Data Science

RossK · ‎09-06-2016

Confession

My name is Ross, and I'm addicted to counting steps. The walking kind. This obsession entails frequently opening the counting app on my iPhone to watch the step count climb and ensure I'm getting over 10,000 (my mom says that's the magic number). Luckily, living in NYC makes the goal easily achievable on most days.

In this post I'll show you how I analyzed my iPhone step data using pandas timeseries and ggplot. I did all of my data-sciencing in Python using Rodeo, Yhat's IDE for data science.

Collecting Data

Like any legitimate data nerd, I wanted to be able to export my data for analysis outside my phone. The smart people over at Quantified Self Labs put out an app called QS Access that makes retrieving this data a cinch!

Here are a couple of screenshots of exporting the data.

The QS Access app exports a CSV containing three columns: a start timestamp, a finish timestamp, and the steps (count) during that period. There's an option to produce rows of hourly or daily data.
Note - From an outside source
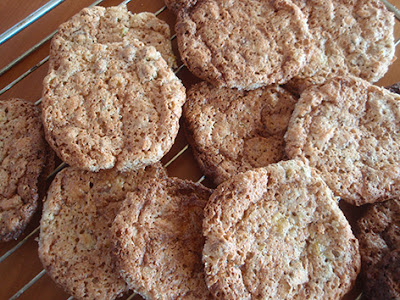 Galletas de pistachos y naranja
Why not start with hours and see how it goes - bigger data is always better, right?

TO THE DATAS!

Our analysis will draw on the time series tools built into pandas. When Wes McKinney started the pandas project, he was working for an investment management company and this industry relies extensively on time series analysis. As a result, pandas ships with comprehensive functionality in this area.

A couple other notes about importing this data while we're here.

First, we already know that we have time series data, so we can let pandas know by using the parse_dates parameter.

The end time data in the CSV isn't particularly interesting because we have the start time and know that we have hourly frequency so we can omit it with usecols.

Last, setting the start time (col 0) to be the index column gives a DateTimeIndex and will make our job easier later.

df_hour = pd.read_csv('health_data_hour.csv', parse_dates=[0,1], names=['start_time', 'steps'], usecols=[0, 2], skiprows=1, index_col=0)
# ensure the steps col are ints - weirdness going on with this one
df_hour.steps = df_hour.steps.apply(lambda x: int(float(x)))
df_hour.head()
type(df_hour.index)
type(df_hour.steps[1])

	steps
start_time
2014-10-24 18:00:00	459
2014-10-24 19:00:00	93
2014-10-24 20:00:00	421
2014-10-24 21:00:00	1306
2014-10-24 22:00:00	39

Notice that the type of the start_time column: pandas.tseries.index.DatetimeIndex. This is due to setting the index column during the data ingest, and it gives us access to all sorts of goodies - resampling for one, as we'll see later.

Hourly Step Count

How about a quick (gg)plot to explore the data we have here.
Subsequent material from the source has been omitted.